AIM OF THE EXERCISE: Start at the line with "Handsome young happy" in the records below, stop at the line with "African Businessman Holding", and return every line in that span exactly, the two end lines included.

EXTRACTED INFORMATION:
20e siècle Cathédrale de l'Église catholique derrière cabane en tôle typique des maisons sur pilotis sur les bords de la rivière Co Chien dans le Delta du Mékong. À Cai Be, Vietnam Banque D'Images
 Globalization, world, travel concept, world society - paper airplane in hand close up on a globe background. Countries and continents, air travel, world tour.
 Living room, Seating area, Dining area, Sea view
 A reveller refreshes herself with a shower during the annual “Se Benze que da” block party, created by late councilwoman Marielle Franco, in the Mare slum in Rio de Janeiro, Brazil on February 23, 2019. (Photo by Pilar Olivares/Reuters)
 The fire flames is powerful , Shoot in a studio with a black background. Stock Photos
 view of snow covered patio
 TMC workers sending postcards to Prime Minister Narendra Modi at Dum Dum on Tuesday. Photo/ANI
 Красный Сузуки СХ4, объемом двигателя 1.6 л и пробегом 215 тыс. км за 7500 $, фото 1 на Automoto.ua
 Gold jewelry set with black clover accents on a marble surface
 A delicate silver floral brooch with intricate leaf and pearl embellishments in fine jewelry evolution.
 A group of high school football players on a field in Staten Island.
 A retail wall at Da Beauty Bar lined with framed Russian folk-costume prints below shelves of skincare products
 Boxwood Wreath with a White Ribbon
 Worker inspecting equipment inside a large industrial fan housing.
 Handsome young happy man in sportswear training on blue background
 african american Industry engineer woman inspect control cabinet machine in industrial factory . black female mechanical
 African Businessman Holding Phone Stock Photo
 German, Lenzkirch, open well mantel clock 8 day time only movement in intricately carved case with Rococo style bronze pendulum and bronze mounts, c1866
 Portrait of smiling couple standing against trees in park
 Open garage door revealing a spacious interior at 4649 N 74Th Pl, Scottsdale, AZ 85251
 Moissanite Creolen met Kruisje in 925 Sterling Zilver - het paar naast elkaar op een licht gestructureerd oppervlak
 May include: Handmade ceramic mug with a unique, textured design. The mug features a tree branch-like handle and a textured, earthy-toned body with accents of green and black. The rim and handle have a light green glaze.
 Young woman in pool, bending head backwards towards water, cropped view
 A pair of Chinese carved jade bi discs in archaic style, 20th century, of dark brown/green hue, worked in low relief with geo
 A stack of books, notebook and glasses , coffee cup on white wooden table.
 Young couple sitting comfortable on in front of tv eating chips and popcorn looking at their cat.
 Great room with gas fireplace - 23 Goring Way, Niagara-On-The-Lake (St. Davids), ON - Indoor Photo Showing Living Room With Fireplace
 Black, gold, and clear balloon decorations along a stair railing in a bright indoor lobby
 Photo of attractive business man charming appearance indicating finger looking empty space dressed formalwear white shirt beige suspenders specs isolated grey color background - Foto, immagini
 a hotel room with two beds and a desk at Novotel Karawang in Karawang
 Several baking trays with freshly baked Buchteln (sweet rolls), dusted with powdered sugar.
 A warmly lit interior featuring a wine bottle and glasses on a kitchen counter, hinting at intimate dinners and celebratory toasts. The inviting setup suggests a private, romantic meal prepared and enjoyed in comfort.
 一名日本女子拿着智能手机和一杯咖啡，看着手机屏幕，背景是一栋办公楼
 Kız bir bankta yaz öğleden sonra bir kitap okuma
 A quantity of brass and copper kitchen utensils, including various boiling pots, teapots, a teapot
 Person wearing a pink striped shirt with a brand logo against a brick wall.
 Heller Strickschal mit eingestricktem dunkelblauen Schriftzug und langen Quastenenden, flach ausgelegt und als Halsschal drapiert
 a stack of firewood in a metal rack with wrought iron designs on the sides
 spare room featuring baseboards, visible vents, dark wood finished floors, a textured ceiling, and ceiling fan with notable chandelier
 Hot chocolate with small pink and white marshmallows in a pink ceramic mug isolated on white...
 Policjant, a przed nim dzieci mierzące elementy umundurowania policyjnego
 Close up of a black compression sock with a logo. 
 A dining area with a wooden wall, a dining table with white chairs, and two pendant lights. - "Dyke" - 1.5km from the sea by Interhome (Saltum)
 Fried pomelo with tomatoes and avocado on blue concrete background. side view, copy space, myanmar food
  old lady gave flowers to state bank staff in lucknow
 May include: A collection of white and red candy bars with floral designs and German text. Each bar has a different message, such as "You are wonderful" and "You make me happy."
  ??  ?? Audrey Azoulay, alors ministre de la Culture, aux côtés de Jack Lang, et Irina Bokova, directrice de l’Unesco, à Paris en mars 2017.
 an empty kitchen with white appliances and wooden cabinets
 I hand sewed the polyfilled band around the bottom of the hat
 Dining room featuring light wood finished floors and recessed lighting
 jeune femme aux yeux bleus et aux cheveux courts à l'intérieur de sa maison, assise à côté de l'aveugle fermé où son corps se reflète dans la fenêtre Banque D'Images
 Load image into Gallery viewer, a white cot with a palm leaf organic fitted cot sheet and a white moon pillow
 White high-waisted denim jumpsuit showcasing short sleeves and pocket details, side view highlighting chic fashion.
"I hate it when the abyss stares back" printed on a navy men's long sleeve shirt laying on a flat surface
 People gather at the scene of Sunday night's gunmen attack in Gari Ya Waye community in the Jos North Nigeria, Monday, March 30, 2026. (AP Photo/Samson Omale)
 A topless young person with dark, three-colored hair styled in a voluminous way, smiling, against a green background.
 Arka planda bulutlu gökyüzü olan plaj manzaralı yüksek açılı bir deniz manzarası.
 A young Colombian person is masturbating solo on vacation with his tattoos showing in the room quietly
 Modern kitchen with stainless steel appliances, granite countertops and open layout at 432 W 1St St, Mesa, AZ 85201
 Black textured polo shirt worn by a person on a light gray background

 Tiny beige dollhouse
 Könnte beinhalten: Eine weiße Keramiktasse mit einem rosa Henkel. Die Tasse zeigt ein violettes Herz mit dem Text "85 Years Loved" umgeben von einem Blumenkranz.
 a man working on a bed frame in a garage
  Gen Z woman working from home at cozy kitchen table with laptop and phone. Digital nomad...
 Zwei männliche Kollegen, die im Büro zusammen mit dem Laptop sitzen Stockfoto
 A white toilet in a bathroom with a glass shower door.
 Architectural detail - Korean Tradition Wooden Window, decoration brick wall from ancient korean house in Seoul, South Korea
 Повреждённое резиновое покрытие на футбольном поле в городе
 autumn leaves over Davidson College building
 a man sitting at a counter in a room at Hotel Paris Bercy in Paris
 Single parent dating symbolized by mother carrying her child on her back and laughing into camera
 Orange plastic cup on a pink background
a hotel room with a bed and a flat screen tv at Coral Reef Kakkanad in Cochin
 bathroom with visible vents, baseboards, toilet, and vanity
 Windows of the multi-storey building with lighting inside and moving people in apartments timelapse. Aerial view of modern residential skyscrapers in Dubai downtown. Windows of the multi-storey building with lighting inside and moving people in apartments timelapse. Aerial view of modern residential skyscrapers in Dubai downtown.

RESULT OF THIS EXERCISE:
 Handsome young happy man in sportswear training on blue background
 african american Industry engineer woman inspect control cabinet machine in industrial factory . black female mechanical
 African Businessman Holding Phone Stock Photo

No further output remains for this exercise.